I would argue, and I know I’m not alone in these sentiments, that wine shows are not only not necessary to a wine culture, but that they do just the opposite to the industry on all accounts.

Wine shows have played a leading role in creating, or at least perpetuating, trends, for better or for worse. Until fairly recently it felt like every Aussie wine region was in a race to copycat the rich ripe styles of the Barossa, because those were the styles being awarded medals both nationally and internationally. Cool climate Yarra Valley wines started to look the same as Mclaren Vale’s, and Chardonnay dripping in sweet fruit and vanillin oak became the flagship for many a winery.

Thankfully times are changing as winemakers realise the potential of their land and endeavour to make wines more suited to their environment. But I don’t think that wine shows can be given credit for this cultural shift. A focus on terroir and on less-is-more winemaking is a global trend that started, or was revived, in the vineyards and wine bars of the Old World. Australian winemakers travel more than ever, taking their newfound global knowledge back home with them.
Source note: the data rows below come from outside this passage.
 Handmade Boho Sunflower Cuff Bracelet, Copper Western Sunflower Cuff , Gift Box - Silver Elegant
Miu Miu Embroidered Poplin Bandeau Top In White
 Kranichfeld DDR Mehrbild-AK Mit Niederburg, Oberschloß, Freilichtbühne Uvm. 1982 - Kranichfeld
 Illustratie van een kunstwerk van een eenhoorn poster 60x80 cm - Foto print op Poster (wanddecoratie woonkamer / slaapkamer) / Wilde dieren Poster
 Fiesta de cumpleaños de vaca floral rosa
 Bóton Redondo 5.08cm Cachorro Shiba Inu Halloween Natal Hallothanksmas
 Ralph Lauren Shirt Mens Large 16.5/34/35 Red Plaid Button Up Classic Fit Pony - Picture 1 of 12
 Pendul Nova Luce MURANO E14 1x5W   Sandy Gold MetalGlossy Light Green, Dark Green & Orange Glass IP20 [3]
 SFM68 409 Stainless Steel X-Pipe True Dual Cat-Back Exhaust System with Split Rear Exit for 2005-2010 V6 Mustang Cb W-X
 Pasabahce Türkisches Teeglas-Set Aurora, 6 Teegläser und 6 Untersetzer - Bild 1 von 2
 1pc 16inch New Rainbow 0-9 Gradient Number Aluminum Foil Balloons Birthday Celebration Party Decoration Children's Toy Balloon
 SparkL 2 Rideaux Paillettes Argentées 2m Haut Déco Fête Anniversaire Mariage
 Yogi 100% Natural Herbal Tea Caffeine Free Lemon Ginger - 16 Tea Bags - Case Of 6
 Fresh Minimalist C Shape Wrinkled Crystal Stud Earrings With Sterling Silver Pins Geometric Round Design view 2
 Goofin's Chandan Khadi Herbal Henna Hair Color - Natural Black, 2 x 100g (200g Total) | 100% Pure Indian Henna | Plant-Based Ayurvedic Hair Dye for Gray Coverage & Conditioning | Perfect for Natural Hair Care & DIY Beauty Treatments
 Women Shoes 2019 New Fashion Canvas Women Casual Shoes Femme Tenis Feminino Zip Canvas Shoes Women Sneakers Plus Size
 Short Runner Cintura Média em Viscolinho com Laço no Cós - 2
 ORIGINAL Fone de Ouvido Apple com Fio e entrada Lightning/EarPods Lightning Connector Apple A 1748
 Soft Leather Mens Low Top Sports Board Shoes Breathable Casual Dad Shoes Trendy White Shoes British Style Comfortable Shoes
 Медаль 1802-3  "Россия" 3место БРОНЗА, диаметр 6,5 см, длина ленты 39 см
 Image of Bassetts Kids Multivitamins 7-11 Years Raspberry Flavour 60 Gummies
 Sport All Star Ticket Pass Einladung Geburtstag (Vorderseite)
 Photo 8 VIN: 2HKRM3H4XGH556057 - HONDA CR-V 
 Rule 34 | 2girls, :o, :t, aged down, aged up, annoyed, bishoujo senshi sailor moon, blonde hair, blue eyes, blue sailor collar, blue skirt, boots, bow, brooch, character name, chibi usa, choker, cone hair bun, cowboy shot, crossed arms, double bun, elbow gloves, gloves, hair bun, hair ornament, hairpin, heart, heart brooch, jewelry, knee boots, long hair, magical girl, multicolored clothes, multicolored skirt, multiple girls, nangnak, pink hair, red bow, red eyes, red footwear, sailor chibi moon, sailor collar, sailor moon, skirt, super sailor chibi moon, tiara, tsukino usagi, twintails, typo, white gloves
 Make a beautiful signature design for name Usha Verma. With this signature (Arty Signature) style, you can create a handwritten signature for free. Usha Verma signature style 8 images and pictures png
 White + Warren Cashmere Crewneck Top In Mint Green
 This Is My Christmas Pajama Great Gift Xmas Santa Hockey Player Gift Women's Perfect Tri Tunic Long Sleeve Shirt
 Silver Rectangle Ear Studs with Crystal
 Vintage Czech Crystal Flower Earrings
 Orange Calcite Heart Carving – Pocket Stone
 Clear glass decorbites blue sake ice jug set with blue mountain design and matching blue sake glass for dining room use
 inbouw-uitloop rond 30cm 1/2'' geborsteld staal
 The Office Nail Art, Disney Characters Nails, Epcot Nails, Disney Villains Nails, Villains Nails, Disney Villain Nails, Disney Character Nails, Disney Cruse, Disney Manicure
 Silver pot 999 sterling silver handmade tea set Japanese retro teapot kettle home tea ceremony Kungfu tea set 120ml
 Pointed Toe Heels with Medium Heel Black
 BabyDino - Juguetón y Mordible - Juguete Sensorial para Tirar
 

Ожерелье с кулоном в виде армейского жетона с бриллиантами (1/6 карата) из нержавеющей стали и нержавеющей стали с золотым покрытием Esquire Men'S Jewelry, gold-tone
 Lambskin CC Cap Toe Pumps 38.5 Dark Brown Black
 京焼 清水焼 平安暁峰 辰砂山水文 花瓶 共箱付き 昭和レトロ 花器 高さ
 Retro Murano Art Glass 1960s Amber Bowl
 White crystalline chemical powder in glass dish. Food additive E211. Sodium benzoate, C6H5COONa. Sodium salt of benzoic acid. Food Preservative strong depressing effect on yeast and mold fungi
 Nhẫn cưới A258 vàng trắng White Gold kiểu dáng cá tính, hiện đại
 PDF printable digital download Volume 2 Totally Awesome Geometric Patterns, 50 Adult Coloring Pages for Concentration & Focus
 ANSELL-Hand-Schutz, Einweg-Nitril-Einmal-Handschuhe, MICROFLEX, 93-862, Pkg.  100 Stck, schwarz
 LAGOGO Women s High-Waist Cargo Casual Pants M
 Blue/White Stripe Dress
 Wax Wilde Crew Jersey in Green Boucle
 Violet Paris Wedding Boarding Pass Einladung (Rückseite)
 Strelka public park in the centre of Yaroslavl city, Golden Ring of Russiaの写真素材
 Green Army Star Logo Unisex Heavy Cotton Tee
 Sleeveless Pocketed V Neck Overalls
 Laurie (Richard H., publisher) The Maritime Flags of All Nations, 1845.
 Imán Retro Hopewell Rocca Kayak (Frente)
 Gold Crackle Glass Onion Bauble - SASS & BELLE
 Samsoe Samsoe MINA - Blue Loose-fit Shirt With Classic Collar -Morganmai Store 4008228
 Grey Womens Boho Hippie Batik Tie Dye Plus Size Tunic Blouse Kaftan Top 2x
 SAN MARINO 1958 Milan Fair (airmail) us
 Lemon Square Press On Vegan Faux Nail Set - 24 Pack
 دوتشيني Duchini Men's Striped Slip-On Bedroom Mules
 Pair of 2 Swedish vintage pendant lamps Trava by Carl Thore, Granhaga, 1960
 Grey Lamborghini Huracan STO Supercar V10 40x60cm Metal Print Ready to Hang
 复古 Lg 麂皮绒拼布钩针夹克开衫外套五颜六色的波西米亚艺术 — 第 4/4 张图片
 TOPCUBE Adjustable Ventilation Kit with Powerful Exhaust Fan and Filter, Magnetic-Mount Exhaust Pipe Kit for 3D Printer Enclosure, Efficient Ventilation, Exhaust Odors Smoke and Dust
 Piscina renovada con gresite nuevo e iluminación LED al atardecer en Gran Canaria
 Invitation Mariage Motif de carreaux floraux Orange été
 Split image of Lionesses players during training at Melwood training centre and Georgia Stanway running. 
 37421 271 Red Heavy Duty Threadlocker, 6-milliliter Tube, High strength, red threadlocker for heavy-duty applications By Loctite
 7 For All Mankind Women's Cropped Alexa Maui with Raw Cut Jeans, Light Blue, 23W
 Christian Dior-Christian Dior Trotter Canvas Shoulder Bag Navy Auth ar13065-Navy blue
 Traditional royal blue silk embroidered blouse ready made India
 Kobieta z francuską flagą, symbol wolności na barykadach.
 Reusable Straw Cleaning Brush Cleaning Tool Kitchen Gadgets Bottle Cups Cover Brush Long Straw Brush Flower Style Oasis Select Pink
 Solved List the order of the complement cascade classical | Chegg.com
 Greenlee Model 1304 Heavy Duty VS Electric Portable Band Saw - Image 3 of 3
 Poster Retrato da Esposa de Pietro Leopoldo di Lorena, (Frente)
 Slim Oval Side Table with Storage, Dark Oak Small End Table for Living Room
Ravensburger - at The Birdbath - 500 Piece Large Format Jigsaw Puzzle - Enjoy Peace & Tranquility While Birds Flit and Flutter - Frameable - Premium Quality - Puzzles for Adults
Wine shows claim to reward these efforts, but in reality a good number of today’s medal-winners are as mediocre as they’ve always been. Polished and technically correct perhaps, but also underwhelming, overworked, and unoriginal. Copycatting and medal chasing occurs as fiercely as it did a decade ago, if not worse, it’s just that trends have changed. Back labels and marketing campaigns may mention the ‘terroir’ word or talk of a wine’s ‘expression of its land’ a lot more, and certainly there are an increasing number of Australian wines being made that do honestly express the place from which they came over winemaking tricks, but few of them are even entered into mainstream wine shows let alone take home medals.

And that’s because wines made ‘outside the box’ are rarely rewarded. If we as judges are taught that all wines must fall within a narrow set of boundaries, that lines must be drawn in the sand and that there is such thing as a correct wine and an incorrect one, how can a wine with soul, that sings of the land, changes constantly in glass and bottle, and expresses playfulness and sheer gluggability be scored by an arbitrary number? How can one measure soulfulness and joy? And ultimately, isn’t that what we’re all really craving when we open a bottle of wine at home? I don’t choose to drink a wine because it’s been made correctly. I choose to drink it because of the pleasure it will bring.

Of course wine shows throw up occasional surprises. Once in a while a truly exciting, adventurous wine grabs gold in a mainstream show and there is a beating of chests and patting of backs and everyone sleeps soundly knowing the world is a fair and equal place. But in general, the process of the Aussie wine show doesn’t reward excitement. It requires judges from all walks of life to agree and to do so within a limited time frame and under a certain amount of pressure. Often this means settling, so the wines that ride somewhere in the middle points-wise end up coming up trumps; those inoffensive wines that tick boxes. Balanced, flinty oaked Chardonnay? Tick. Crisp, zippy Sauvignon Blanc? Tick. Let’s face it, that complex oxidative Chardonnay that sings in the glass but needs a bit of air, love, and food is never going to get through. It’s going to divide the judges–some will love its style and others will view it as faulty, or at best quirky but not ‘improving the breed’, and there are another five flights of wine to judge, so let’s just move on.